• WORK ITEM:
From the listing below, please restate exactly the lines beginning at the one with "Hello there and" and ending at the one with "These shoes are", both included, and skip the pictures.
(AVAILABLE DATA)
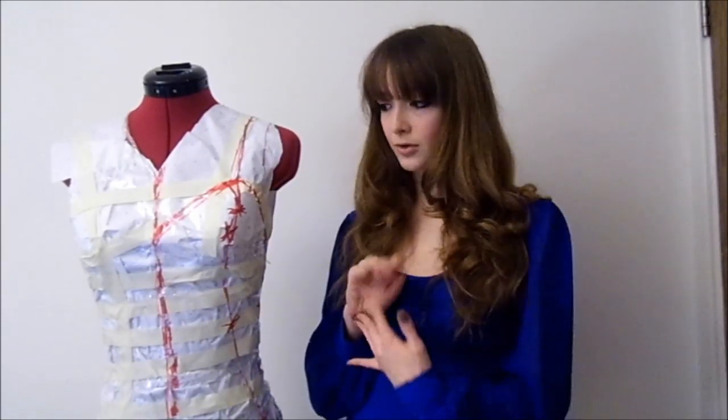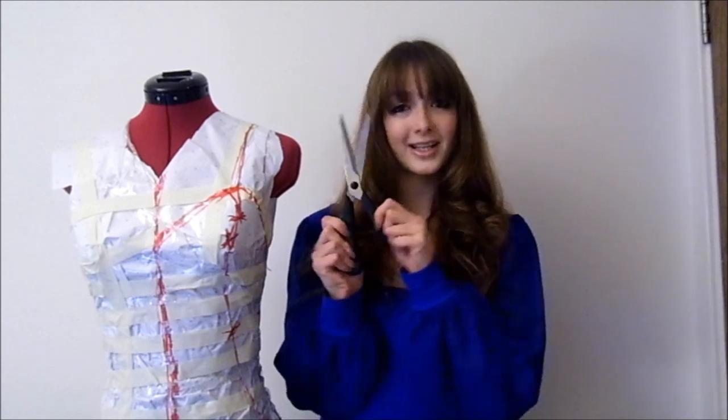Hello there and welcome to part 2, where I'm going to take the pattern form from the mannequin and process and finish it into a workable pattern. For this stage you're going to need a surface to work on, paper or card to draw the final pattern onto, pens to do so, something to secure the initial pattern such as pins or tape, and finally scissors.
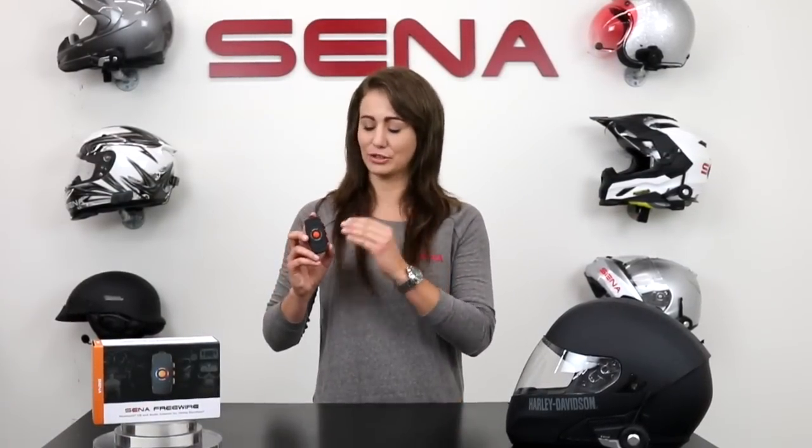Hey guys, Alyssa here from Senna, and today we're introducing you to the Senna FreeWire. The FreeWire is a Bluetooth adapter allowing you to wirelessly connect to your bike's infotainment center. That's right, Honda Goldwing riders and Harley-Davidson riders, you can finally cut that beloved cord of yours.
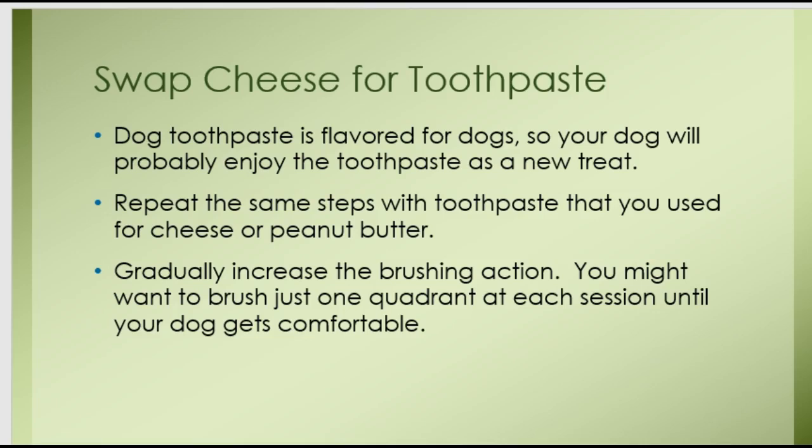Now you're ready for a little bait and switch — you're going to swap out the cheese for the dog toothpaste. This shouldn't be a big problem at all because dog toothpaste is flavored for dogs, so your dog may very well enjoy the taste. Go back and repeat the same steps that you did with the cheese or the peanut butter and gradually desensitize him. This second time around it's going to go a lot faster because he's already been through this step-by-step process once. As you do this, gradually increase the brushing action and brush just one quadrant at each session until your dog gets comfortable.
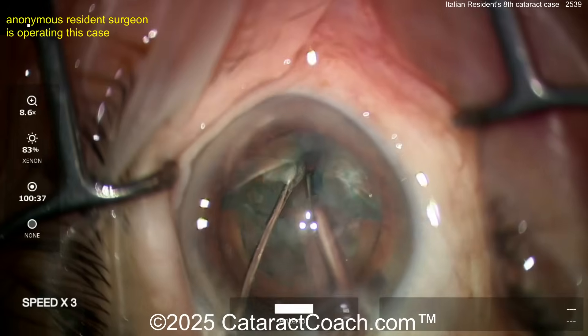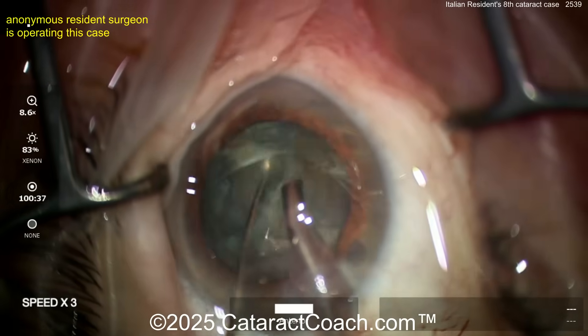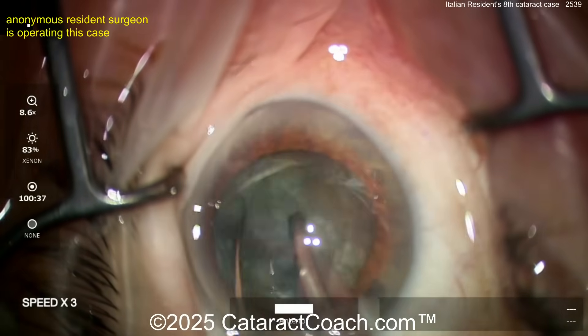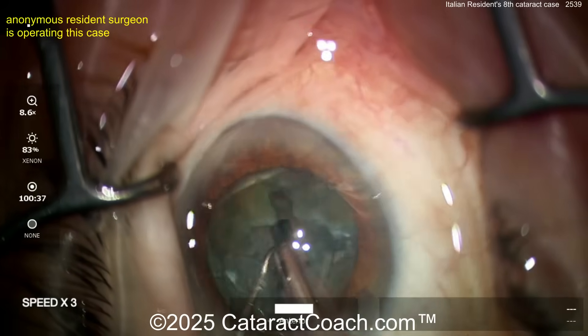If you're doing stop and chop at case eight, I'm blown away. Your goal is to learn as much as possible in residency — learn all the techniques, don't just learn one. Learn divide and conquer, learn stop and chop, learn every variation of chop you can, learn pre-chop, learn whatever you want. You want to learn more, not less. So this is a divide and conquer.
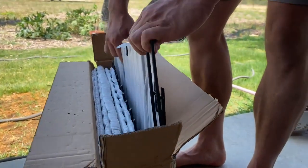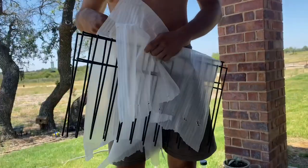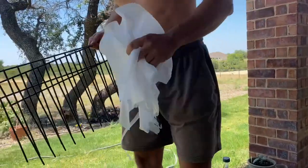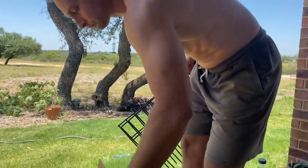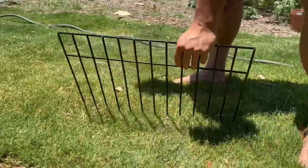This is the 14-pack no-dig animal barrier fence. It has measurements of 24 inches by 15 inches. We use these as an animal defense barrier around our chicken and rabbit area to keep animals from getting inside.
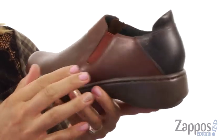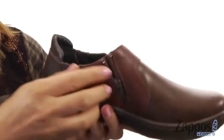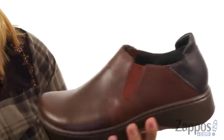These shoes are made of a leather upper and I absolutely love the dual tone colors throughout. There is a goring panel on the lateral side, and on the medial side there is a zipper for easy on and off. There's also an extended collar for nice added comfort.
(End AVAILABLE DATA)
(AVAILABLE DATA)
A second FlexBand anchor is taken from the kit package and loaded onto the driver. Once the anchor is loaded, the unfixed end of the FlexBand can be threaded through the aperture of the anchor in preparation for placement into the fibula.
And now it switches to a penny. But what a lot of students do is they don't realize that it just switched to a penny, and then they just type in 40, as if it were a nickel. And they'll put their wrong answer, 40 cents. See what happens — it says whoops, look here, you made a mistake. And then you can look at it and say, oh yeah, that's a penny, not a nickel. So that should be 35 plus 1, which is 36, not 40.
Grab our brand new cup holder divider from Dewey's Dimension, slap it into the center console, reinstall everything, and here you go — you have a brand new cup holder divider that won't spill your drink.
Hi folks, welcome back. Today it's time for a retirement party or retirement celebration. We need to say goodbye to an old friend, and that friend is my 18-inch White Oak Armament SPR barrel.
(End AVAILABLE DATA)
• RESULT FOR THIS EXERCISE:
Hello there and welcome to part 2, where I'm going to take the pattern form from the mannequin and process and finish it into a workable pattern. For this stage you're going to need a surface to work on, paper or card to draw the final pattern onto, pens to do so, something to secure the initial pattern such as pins or tape, and finally scissors.
Hey guys, Alyssa here from Senna, and today we're introducing you to the Senna FreeWire. The FreeWire is a Bluetooth adapter allowing you to wirelessly connect to your bike's infotainment center. That's right, Honda Goldwing riders and Harley-Davidson riders, you can finally cut that beloved cord of yours.
Now you're ready for a little bait and switch — you're going to swap out the cheese for the dog toothpaste. This shouldn't be a big problem at all because dog toothpaste is flavored for dogs, so your dog may very well enjoy the taste. Go back and repeat the same steps that you did with the cheese or the peanut butter and gradually desensitize him. This second time around it's going to go a lot faster because he's already been through this step-by-step process once. As you do this, gradually increase the brushing action and brush just one quadrant at each session until your dog gets comfortable.
If you're doing stop and chop at case eight, I'm blown away. Your goal is to learn as much as possible in residency — learn all the techniques, don't just learn one. Learn divide and conquer, learn stop and chop, learn every variation of chop you can, learn pre-chop, learn whatever you want. You want to learn more, not less. So this is a divide and conquer.
This is the 14-pack no-dig animal barrier fence. It has measurements of 24 inches by 15 inches. We use these as an animal defense barrier around our chicken and rabbit area to keep animals from getting inside.
These shoes are made of a leather upper and I absolutely love the dual tone colors throughout. There is a goring panel on the lateral side, and on the medial side there is a zipper for easy on and off. There's also an extended collar for nice added comfort.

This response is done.